Dünkü bütün yandaş gazetelerde 10 şehit haberi birinci sayfaların en altında tek sütun ya da biraz irice yer alıyordu.
“Görüyorsun değil mi?” dedikten sonra ekledim “Bu bilinçli bir politika. Ülkede terör yok gibi göstermek istiyorlar. Sakladıkları zaman geçekler ortaya çıkmayacak, kimse hesap sormayacak sanıyorlar. Bütün amaç eleştiri oklarının hükümete dönmemesi.”
Semtimizin sakini “Ama sosyal medyada hepsi var onları ne yapacaklar?” dedi.
Ben de “Ne fark eder, onların hepsini toplayınca yüzde 30-35 arası bir oy çıkıyor, yüzde halkın yarısı hiçbir şey olmamış gibi yine iktidara oy veriyor önemli olan bu” karşılığını verdim.
Elini kolunu sallayarak uzaklaştı yanımdan “Yaaa böyle ülke mi olur” diye söyleniyordu.

KAFAMI BOZAN ŞEYLER

Allahaşkına biraz karakterli olun

Gazetelerde 17-25 Aralık olayından önce ama MİT ve dersaneler krizinden sonra 12 AKP milletvekilinin Pensilvanya’da Fetullah Gülen’i ziyaret ettiklerinin ortaya çıkması iki gündür tartışılıyor.
Tabii bu ziyareti yapan ve Gülen’le de hepsi “gülen çehrelerle” fotoğraf da çektiren yarısı eski AKP milletvekillerinde de müthiş bir telaş başladı.
Hepsi sanki alınlarına tabanca dayanmış da zorla götürülmüşler gibi “kandırıldık, mecbur kaldık, ayıp olmasın diye gittik” bahanelerinin arkasına sığınıyorlar.
Bu nasıl karakterdir anlamıyorum.
Madem gittin “Evet gittim, o zaman cemaatle ilişkiler şimdiki gibi kötü karşılanmıyordu” dersin olur biter.
Bakın üç eski milletvekili kendilerini nasıl savunmuşlar.
İbretle okuyalım;
Eski Giresun Milletvekili Adem Tatlı; “Bir arkadaş ‘hadi gidelim’ dediğinde Mahir Bey’i (grup başkanvekili Mahir Ünal’ı kast ediyor) aradım. ‘Git, ne konuşuluyor öğren’ diye gönderdi.
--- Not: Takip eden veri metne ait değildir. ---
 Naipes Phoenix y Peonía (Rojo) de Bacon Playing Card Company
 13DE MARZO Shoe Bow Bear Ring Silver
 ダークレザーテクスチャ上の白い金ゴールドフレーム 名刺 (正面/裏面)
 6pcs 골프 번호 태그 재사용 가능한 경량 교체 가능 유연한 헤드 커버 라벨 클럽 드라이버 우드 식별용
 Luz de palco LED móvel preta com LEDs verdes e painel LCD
Benim yerim belli, durduğum yer belli. Bizim bu fotoğraflarımızı ortaya çıkaranlar FETÖ ile Bülent Arınç, Hüseyin Çelik’in fotosunu neden ortaya çıkarıp, yayınlamıyorlar”
Eski Ordu Milletvekili Mustafa Hamarat; “Gönülsüz katılmak zorunda kaldım. Beni herkes bilir. Eşim veya ben onlara en ufak yakınlığım olsa ‘Eskiden filan…’ derim. İzah etme gereği bile duymam. Bir grup halinde olunca ‘Ben gelmeyeyim, çarşıda, şehirde ayrı gezeyim’ diyemiyorsunuz”
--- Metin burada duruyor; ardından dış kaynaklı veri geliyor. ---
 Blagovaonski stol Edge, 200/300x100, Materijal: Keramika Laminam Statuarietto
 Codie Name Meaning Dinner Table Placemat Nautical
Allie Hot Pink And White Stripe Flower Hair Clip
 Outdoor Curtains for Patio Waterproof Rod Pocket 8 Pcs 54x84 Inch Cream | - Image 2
Eski Kayseri Milletvekili İsmail Tamer; “Alışveriş merkezinde işimiz bitince bir arkadaşımız ‘Fethullah Hoca Efendi buraya 30 dakika mesafede gelmişken onu da ziyaret edelim’ dedi. O şerefsize Hoca Efendi denmez ama o gün öyle söylendiği için bu ifadeyi kullanıyorum. Bana ait bir ifade değil. Ben gitmek istemedim ama birlikte olduğum AK Parti’li milletvekili arkadaşlarım Gülen’i ziyaret etme kararı alınca benim de itiraz etme şansım kalmadı ve gittik.
Sözcü’nün haberinden aldığım iki küçük bilgiyi de ekleyeyim;
Ziyarete giden isimlerden bazıları, 2015’te yapılan iki seçimde liste dışı kaldı. 4’ü halen AKP’den milletvekili. 2012’de milletvekili olan iki isim ise sonra yönetici seçildi. Aksaray Milletvekili İlknur İnceöz Grup Başkanvekili. Erdoğan’a yakınlığı ile bilinen Vedat Demiröz ise Genel Başkan Yardımcısı oldu.
Bir dikkat çeken ayrıntı da şu; normal hayatlarında başı açık olan 4 kadın milletvekilli, kutsal bir mekan ya da camiye giriyormuş gibi başlarını eşarp ile örttüler.